(Web page caption snippets)
===
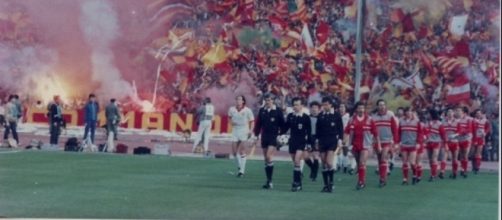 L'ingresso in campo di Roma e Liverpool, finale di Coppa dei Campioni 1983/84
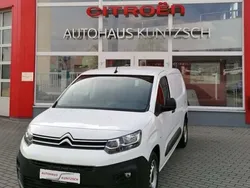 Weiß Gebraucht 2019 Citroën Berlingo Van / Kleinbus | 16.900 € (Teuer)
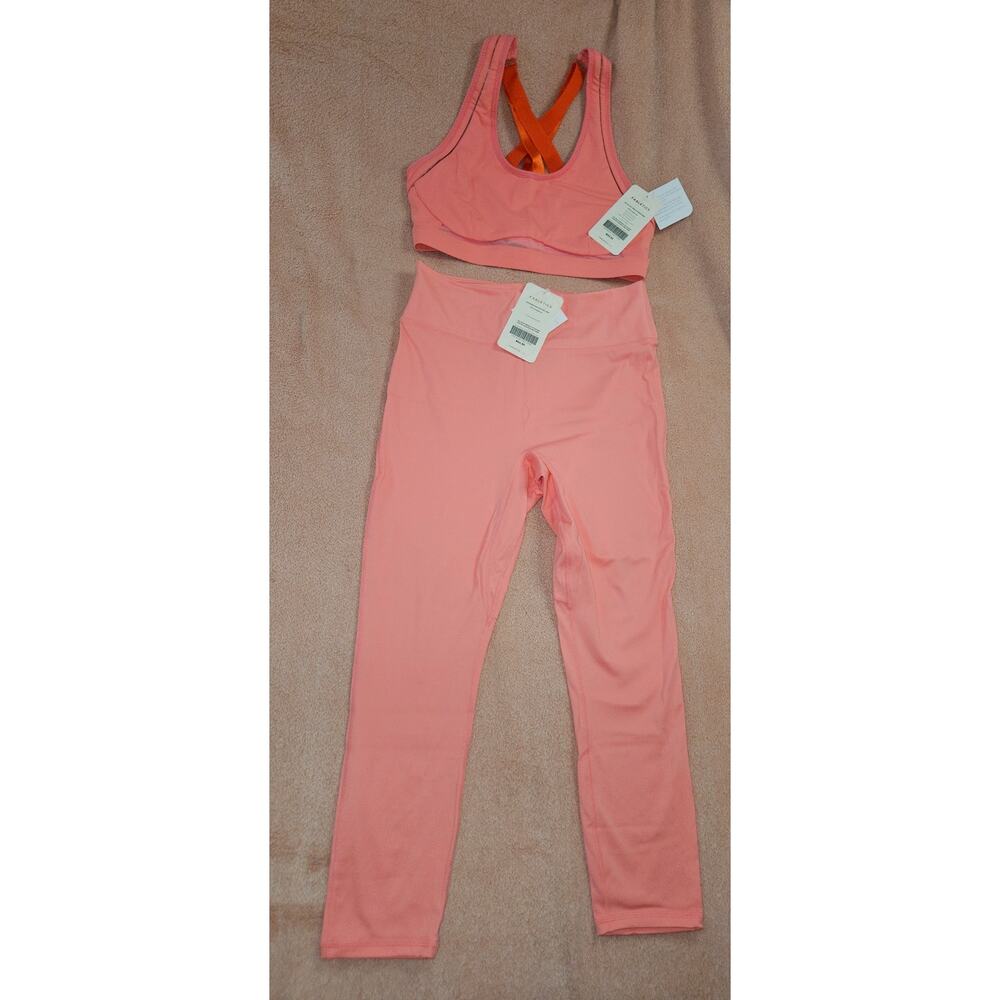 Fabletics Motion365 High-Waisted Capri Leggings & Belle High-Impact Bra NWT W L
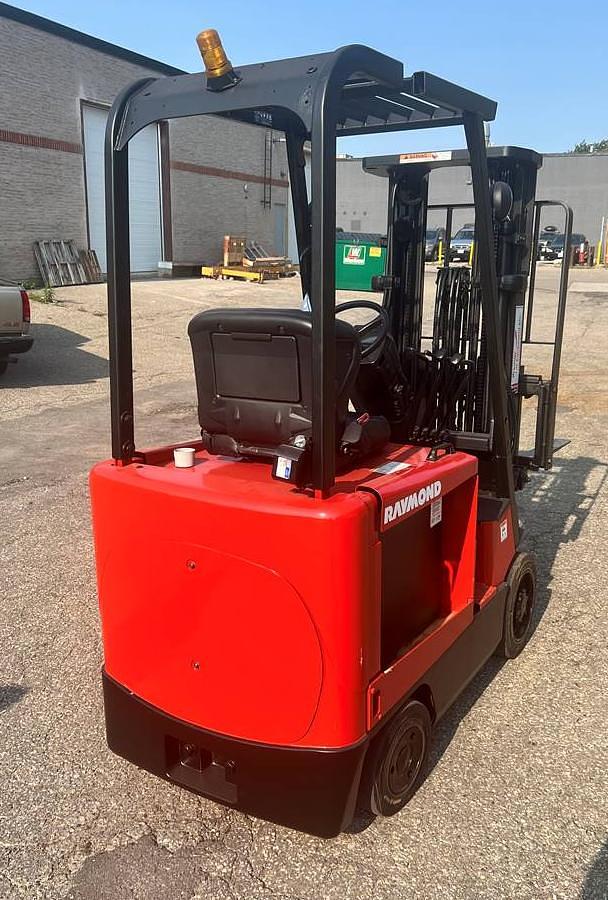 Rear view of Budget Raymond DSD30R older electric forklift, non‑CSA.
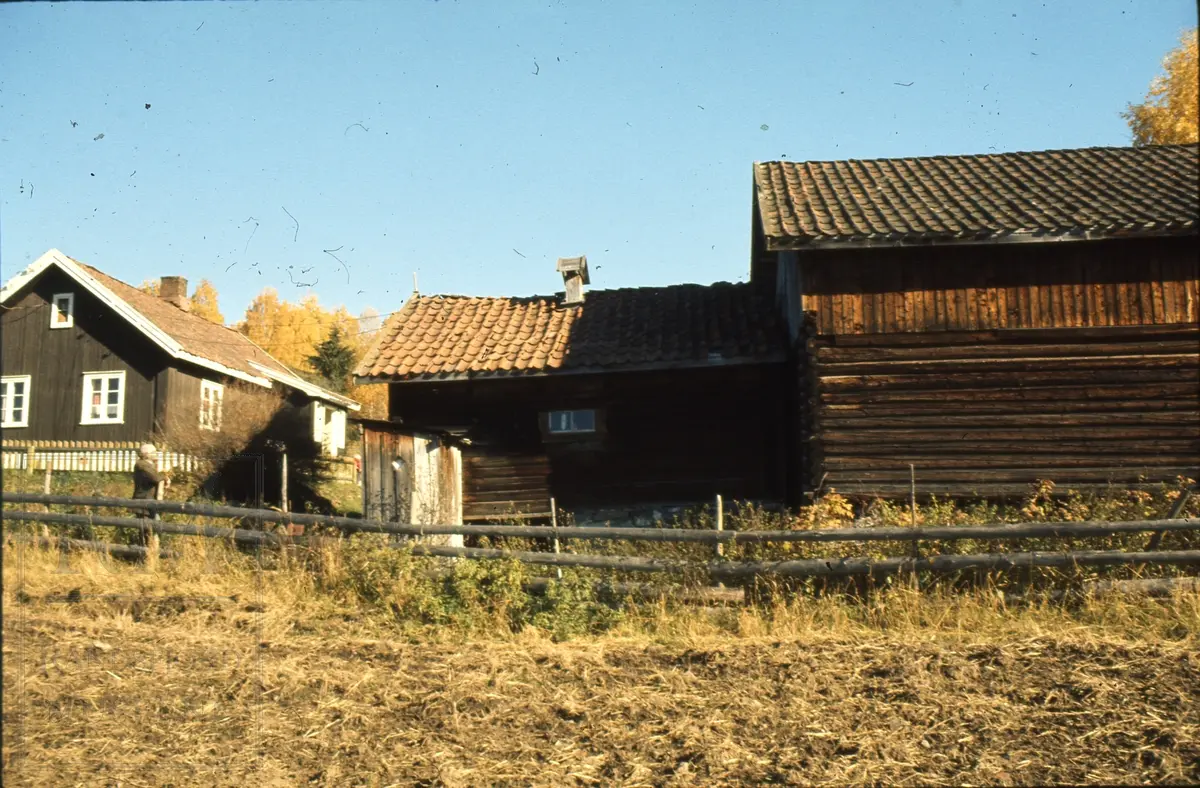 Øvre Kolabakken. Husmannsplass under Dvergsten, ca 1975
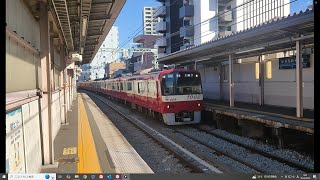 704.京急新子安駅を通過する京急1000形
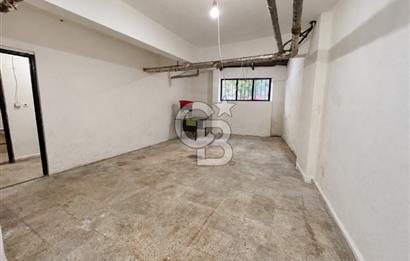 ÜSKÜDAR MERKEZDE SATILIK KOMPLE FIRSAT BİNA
===
What to produce:
Once the pictures are set aside, transcribe the remaining lines above exactly.

Output for this task:
 L'ingresso in campo di Roma e Liverpool, finale di Coppa dei Campioni 1983/84
 Weiß Gebraucht 2019 Citroën Berlingo Van / Kleinbus | 16.900 € (Teuer)
 Fabletics Motion365 High-Waisted Capri Leggings & Belle High-Impact Bra NWT W L
 Rear view of Budget Raymond DSD30R older electric forklift, non‑CSA.
 Øvre Kolabakken. Husmannsplass under Dvergsten, ca 1975
 704.京急新子安駅を通過する京急1000形
 ÜSKÜDAR MERKEZDE SATILIK KOMPLE FIRSAT BİNA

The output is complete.